For active pickups, a stereo jack can be used as a switch for connecting the battery.
The pickups are mounted using a screw directly to the wood. Two layers of foam tape were used to pad the pickup so that it doesn't wobble.
The LED cavity holds a small perf board with the LED, a bias resistor, and a switch for turning on the LED. The LED is practically shoved into the hole in the neck pocket.
The neck can now be bolted in and the guitar strung up. The tuners are locking, so the strings will need to be snipped and screwed down. Pull the strings tight when locking at the nut since the tuners do not have much adjustment range.
After playing for a while and marveling at your work, some adjustments will be needed. The standard setup procedure of truss rod, string height, and intonation are needed.
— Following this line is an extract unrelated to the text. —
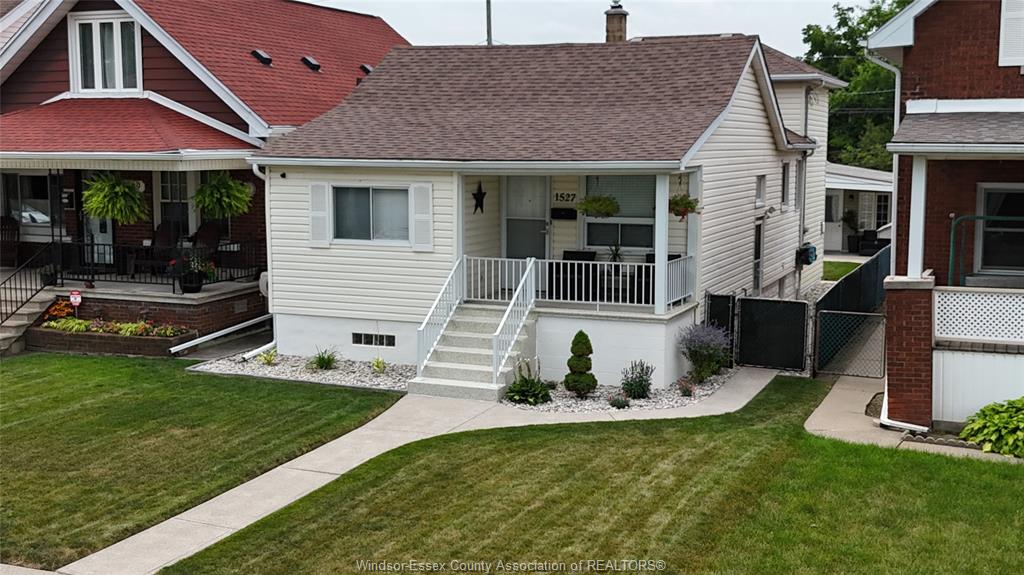 MLS# 26009695: 1527 Pierre, Windsor, Canada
Luckily, we don't have to worry about the nut since the zero fret keeps the strings at a perfect height. The saddles have a spring underneath them, and can be adjusted in height by loosening the set screw. The intonation can be adjusted by moving the tuner forwards/backwards.
Step 19: Final Comments
I learned tons about CAD/CAM, woodworking, and electronic design from this project. It was challenging, yet extremely rewarding at the end. Don't be afraid to reach beyond your comfort zone for a project! Bite off more than you can chew - and chew it anyways! :D
The Mera Guitars tuners are a fairly cheap option for a headless system. They are very well made with solid steel and hold tuning very well with their locking mechanism. My only complaint about them is that the high E locking set screw has the tendency to snap the string if tightened too far. However, if loosened, the string will slip and lose tuning. There's a sweet spot that takes some fiddling to find.
The guitar ended up being more playable than many store bought guitars. The customized neck profile and careful fretwork definitely made it feel much better. It is very comfortable and light, making it a pleasure to play standing up or sitting down. One can only dream what a real Strandberg is like!
The design files are attached here in IGS format. The PCB Gerbers are also included. You might need to shimmy around the parts so that they align with your axes, depending on the CAD/CAM program you use. Feel free to comment or send me a message if there are any concerns, suggestions, or if you need another format etc.
I hope this Instructable will help you on your own luthierie journey!!